Variety: ‘Firecrackers,’ ‘Skate Kitchen’ Win Top Awards at Female-Centric Stockholm Film Festival

By ELSA KESLASSY

Jasmin Mozaffari’s “Firecrackers” and Crystal Moselle’s “Skate Kitchen,” a pair of bold and timely North American features, won best film and best debut at the 29th edition of the Stockholm Film Festival, whose awards were almost entirely scooped by female talents.

“Firecrackers,” which world premiered at the Toronto Film Festival, marks the feature debut of Canadian helmer Mozaffari. The drama follows two best friends who plot a revenge against an abusing ex who violated one of them.
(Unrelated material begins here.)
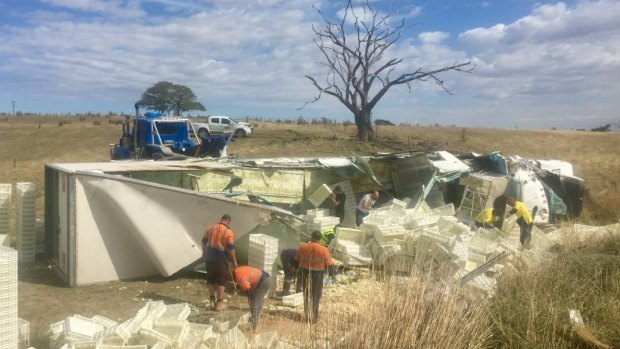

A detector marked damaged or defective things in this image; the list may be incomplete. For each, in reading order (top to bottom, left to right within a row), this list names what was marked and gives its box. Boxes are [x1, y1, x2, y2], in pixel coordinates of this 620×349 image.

overturned truck [43, 151, 580, 284]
But things spin out of control beyond a point of no return.

The festival praised “Firecrackers” for “its originality in portraying the love between two friends, in its urge for freedom, autonomy, loyalty in a violent world, and bringing us to situations in a way that we have never seen before.”

It’s “a perfectly directed film where all elements come together in a unique universe of its own,” the festival added.

Mozaffari has said in interviews that she was driven to make the film because she had been a victim of sexual harassment when she was 15. “Firecracker’s” Michaela Kurimsky won best actress for her performance, which was described by the festival as “dangerous, sensitive, explosive, strong, intelligent, unpredictable, creative and complex.”

Moselle, meanwhile, nabbed best debut with “Skate Kitchen,” which previously won the audience prize at the Sundance Film Festival. The movie is a multiracial portrait of a female skater crew in Manhattan’s Lower East Side.

Variety’s Andrew Barker said: “’Skate Kitchen’ has plenty to say about the lengths to which young women must go to clear out a little breathing room in testosterone-heavy spaces, but it is first and foremost an irresistible hangout movie, offering a thoroughly millennial, vérité spin on ’80s skater classics like ‘Thrashin.'”

The festival said the film won best debut for “its freshness and innovation in taking risks and challenging stereotypes, for being authentic in depicting love, friendship and youth, with its honest and complex characters.”

An up-and-coming helmer, Moselle won Sundance’s 2015 jury prize with her documentary “The Wolfpack.”

The best director prize went to German helmer Eva Trobisch for “All Good,” a fierce feature debut revolving around a young woman who is raped but refuses to be victim. The movie was a standout at Locarno, where it won the first-feature competition.

“All Good” uses a “coherent and subtle film-language [portraying] a character who shrinks her own mental space until there is nothing left, trying to refuse the reality that eats her up from inside,” the festival said.

Nadine Labaki’s “Capernaum,” which won Cannes’ Jury Prize, received Stockholm’s best script award. The heart-wrenching film follows a 12-year-old boy who sues his parents for neglect. The Stockholm nod was given to Labaki, Jihad Hojeily and Michelle Kesrouani, who penned the screenplay in collaboration with Georges Kabbaz (with the participation of Khaled Mouzanar).

“Capernaum” represents Lebanon in the foreign-language Oscar race and is being handled by Sony Pictures Classics.

The best actor nod was awarded to Victor Polster for his performance in Lukas Dhont’s “Girl,” which won Cannes’ Golden Camera and was picked up by Netflix. Polster, who stars in the movie as a transgender teen who dreams of becoming a ballet dancer, won best actor at Cannes’ Un Certain Regard.

Brazilian writer-director Beatriz Seigner’s “Los Silencios” won this year’s Impact Award. The film, which world premiered at Cannes’ Directors Fortnight, is a supernatural drama about a family torn by Colombia’s civil conflict.

The best cinematography award went to Hiroshi Okayama for “Jesus,” while the best documentary nod was given to exiled Russian filmmaker Vitaly Mansky’s “Putin Witnesses.”